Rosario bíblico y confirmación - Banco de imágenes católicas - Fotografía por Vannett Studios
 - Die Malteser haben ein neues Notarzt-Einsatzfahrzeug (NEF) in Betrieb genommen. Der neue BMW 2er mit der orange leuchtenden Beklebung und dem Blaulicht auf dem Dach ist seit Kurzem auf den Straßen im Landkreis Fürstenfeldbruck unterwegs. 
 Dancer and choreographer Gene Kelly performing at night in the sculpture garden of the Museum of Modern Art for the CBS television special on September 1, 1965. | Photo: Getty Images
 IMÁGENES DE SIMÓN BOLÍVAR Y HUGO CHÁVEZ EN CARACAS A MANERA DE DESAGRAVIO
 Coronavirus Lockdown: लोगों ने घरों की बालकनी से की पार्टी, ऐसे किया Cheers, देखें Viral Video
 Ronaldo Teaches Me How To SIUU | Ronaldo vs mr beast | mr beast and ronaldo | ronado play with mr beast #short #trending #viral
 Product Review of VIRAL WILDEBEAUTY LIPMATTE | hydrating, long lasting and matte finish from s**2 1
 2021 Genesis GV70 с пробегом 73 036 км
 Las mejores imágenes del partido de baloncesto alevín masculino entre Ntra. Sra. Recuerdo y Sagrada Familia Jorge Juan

---------------

TASK BRIEF: Everything above from the line containing "Dancer and choreographer" down to the line containing "2021 Genesis GV70 с пробегом 73 036 км" should be copied exactly, both end lines included, and nothing else.

SOLVED PROBLEM:
 Dancer and choreographer Gene Kelly performing at night in the sculpture garden of the Museum of Modern Art for the CBS television special on September 1, 1965. | Photo: Getty Images
 IMÁGENES DE SIMÓN BOLÍVAR Y HUGO CHÁVEZ EN CARACAS A MANERA DE DESAGRAVIO
 Coronavirus Lockdown: लोगों ने घरों की बालकनी से की पार्टी, ऐसे किया Cheers, देखें Viral Video
 Ronaldo Teaches Me How To SIUU | Ronaldo vs mr beast | mr beast and ronaldo | ronado play with mr beast #short #trending #viral
 Product Review of VIRAL WILDEBEAUTY LIPMATTE | hydrating, long lasting and matte finish from s**2 1
 2021 Genesis GV70 с пробегом 73 036 км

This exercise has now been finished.